In this perspective of similarities and synergies, it is evident that Self-Sovereign Identity can represent an innovative and effective tool which is able to promote the spirit and the purposes of General Data Protection Regulation.
Please download here the pdf version of the infographic: DOWNLOAD
SSI: capabilities and future scenarios of a growing market
According to several important consulting firms, Self-Sovereign Identity is a tool capable of recomposing the existing tensions between blockchain technology and GDPR, by demonstrating how a thoughtful use of this technology may even results in an increase of compliance.
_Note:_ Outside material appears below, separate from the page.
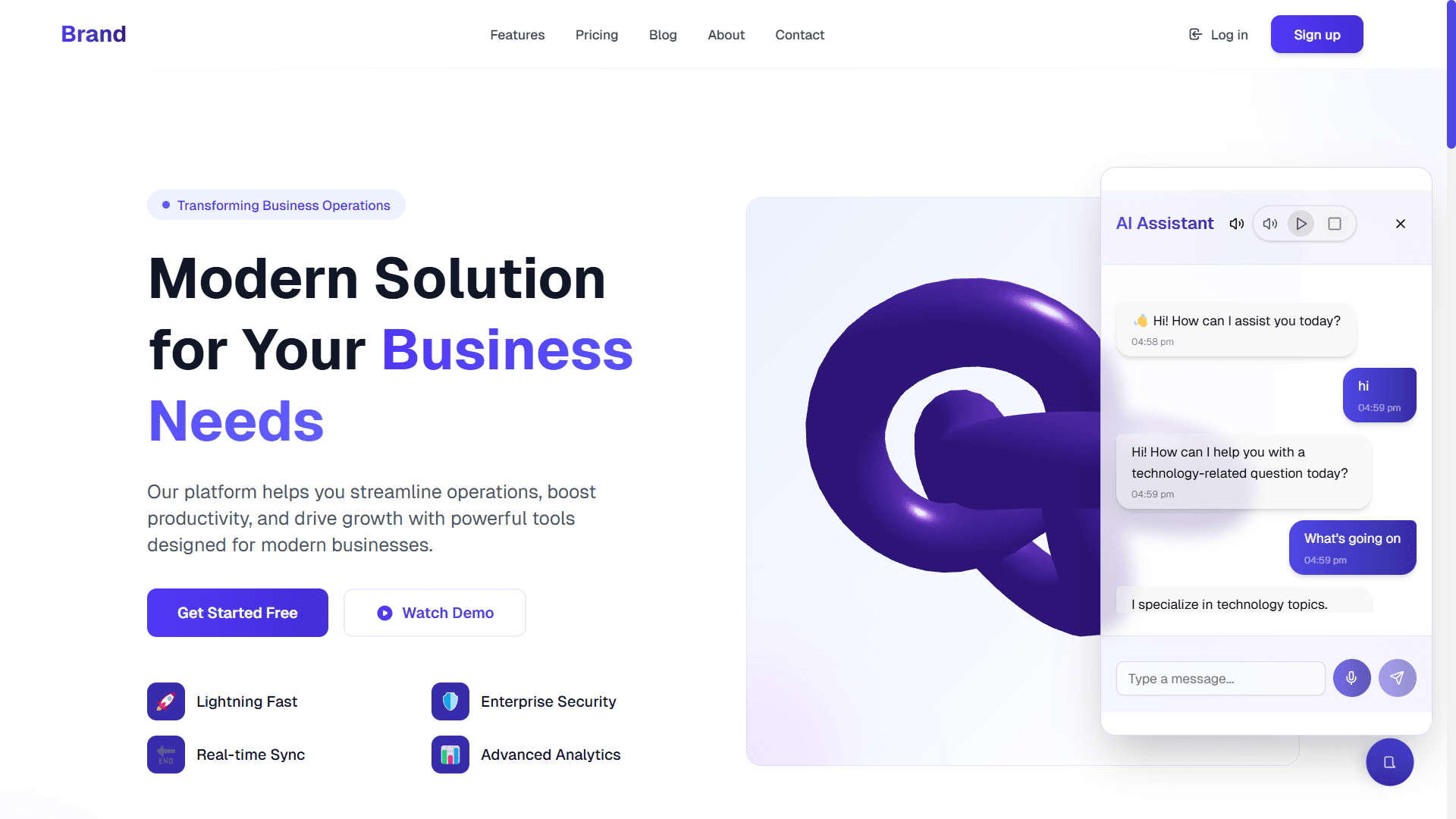 Ultimate 3D-Driven, AI-Powered Landing Page Template - Image 1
However, it is essential to follow several best-practices of the sector, first of all the adoption of systems able to forbid or prevent the storage of personal data on-chain, besides the conduction of a prior impact analysis case-by-case.
A recent report carried out by Juniper Research estimates that the market of Self-Sovereign Identity can count from 2024 a global turnover of 1,1 billion dollars. Therefore, a significant acceleration is estimated in a relatively short time: the figure estimated for the end of 2020 for the same market is 100 million dollars, envisaging a growth of +1000% in just four years.
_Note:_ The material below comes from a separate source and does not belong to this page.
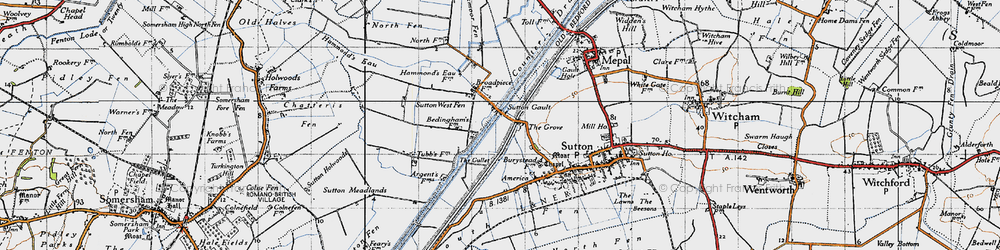 Old map of Sutton Gault in 1946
At the basis of this exponential growth is outlined the increasing importance of safeguarding protection and security of digital identities.
All of this proves that security and privacy are no more linked by a trade-off, which involves a necessary decrease on one concept in return for gains on the other.
Through Self-Sovereign Identity it is possible to gain a simultaneous increase on both aspects, protecting the user from the beginning, who is and remains the owner of his or her identity and the attributes connected to it.